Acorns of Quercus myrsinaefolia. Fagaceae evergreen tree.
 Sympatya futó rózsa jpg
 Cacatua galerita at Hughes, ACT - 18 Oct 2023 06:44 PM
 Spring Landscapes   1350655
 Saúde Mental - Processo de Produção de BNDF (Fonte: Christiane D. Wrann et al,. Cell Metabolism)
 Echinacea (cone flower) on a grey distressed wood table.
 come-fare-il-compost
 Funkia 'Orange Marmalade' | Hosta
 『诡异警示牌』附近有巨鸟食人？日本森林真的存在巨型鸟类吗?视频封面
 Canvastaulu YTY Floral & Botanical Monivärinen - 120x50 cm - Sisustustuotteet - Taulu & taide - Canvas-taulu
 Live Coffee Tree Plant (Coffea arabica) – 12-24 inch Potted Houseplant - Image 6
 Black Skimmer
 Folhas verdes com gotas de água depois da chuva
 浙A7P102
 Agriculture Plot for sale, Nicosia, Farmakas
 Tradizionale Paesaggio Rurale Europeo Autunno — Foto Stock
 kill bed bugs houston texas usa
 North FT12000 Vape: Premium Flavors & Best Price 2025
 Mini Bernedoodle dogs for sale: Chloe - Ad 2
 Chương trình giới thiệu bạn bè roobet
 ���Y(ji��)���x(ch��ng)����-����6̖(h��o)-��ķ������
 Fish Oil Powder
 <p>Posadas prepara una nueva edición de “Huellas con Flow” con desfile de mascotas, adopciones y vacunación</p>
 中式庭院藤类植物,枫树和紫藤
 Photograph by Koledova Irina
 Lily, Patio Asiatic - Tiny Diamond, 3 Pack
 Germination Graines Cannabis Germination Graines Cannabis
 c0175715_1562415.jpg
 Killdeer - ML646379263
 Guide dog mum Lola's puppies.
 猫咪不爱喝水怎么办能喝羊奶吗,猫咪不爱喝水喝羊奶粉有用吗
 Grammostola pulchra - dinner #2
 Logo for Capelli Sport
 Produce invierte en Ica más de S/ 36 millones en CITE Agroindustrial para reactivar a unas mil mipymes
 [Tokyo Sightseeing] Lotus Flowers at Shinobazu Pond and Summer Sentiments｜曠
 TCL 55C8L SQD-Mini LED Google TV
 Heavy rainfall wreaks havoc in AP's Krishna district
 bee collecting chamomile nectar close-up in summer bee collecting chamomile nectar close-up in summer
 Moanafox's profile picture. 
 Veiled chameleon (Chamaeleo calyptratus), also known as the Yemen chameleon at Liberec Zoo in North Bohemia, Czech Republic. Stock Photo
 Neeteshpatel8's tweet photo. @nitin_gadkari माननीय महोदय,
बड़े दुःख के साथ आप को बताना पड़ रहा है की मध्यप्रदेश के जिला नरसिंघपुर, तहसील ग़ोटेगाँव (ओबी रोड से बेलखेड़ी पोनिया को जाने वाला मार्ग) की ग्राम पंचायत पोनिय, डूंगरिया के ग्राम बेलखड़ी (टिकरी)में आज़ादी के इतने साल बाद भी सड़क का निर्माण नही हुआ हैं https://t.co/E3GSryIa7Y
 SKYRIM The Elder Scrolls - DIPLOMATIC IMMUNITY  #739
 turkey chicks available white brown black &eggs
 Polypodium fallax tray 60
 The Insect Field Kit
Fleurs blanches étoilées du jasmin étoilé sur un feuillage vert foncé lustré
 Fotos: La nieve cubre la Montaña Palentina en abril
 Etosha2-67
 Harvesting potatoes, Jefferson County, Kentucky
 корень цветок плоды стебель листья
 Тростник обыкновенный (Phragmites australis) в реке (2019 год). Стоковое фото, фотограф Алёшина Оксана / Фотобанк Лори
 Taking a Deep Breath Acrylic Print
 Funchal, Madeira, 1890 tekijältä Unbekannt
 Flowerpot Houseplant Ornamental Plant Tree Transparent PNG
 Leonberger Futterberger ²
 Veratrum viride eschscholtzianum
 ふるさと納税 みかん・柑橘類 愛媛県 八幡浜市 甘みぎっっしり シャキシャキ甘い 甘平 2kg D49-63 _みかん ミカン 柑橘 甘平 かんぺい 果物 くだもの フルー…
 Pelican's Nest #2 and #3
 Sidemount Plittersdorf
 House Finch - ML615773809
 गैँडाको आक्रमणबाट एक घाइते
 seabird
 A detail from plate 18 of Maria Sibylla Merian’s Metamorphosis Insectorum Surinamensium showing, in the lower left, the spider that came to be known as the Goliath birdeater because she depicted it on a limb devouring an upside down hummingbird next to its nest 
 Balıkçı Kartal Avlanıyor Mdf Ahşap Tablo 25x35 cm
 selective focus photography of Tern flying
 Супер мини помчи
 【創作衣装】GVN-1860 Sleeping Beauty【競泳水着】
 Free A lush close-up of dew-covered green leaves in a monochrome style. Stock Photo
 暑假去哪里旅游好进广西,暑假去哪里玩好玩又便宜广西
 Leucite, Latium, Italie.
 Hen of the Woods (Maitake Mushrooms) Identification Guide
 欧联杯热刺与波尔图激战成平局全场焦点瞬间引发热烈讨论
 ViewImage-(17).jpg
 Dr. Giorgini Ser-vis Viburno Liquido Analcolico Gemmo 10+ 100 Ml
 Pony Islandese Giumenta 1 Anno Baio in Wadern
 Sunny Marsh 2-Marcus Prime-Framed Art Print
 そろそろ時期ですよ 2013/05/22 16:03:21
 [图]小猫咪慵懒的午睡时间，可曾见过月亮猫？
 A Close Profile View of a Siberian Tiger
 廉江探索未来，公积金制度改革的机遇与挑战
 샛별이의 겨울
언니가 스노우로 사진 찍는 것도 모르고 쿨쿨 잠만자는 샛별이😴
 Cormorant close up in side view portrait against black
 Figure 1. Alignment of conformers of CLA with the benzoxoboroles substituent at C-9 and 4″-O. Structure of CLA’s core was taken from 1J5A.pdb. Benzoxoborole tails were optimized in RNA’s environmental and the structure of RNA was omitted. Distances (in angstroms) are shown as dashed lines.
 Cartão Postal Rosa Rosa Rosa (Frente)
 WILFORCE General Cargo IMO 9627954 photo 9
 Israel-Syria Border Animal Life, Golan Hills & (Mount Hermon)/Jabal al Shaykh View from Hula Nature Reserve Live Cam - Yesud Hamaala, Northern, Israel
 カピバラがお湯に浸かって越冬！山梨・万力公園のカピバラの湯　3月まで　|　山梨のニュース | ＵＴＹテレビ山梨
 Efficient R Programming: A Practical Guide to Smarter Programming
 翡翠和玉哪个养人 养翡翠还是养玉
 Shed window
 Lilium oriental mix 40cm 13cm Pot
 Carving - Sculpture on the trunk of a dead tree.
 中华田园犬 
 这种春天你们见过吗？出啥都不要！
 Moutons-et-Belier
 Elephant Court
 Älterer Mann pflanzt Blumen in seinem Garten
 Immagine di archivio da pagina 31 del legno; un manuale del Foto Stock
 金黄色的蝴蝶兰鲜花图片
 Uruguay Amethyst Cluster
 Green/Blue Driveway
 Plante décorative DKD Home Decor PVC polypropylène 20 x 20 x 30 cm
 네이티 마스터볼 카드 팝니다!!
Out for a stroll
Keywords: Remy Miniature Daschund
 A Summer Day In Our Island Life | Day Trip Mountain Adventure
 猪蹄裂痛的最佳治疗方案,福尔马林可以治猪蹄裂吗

§ **PROBLEM REQUIREMENTS**
The expected output is exactly the lines of the listing above between the line holding "Carving - Sculpture" and the line holding "Keywords: Remy Miniature Daschund", inclusive.

§ **EXERCISE OUTPUT**
 Carving - Sculpture on the trunk of a dead tree.
 中华田园犬 
 这种春天你们见过吗？出啥都不要！
 Moutons-et-Belier
 Elephant Court
 Älterer Mann pflanzt Blumen in seinem Garten
 Immagine di archivio da pagina 31 del legno; un manuale del Foto Stock
 金黄色的蝴蝶兰鲜花图片
 Uruguay Amethyst Cluster
 Green/Blue Driveway
 Plante décorative DKD Home Decor PVC polypropylène 20 x 20 x 30 cm
 네이티 마스터볼 카드 팝니다!!
Out for a stroll
Keywords: Remy Miniature Daschund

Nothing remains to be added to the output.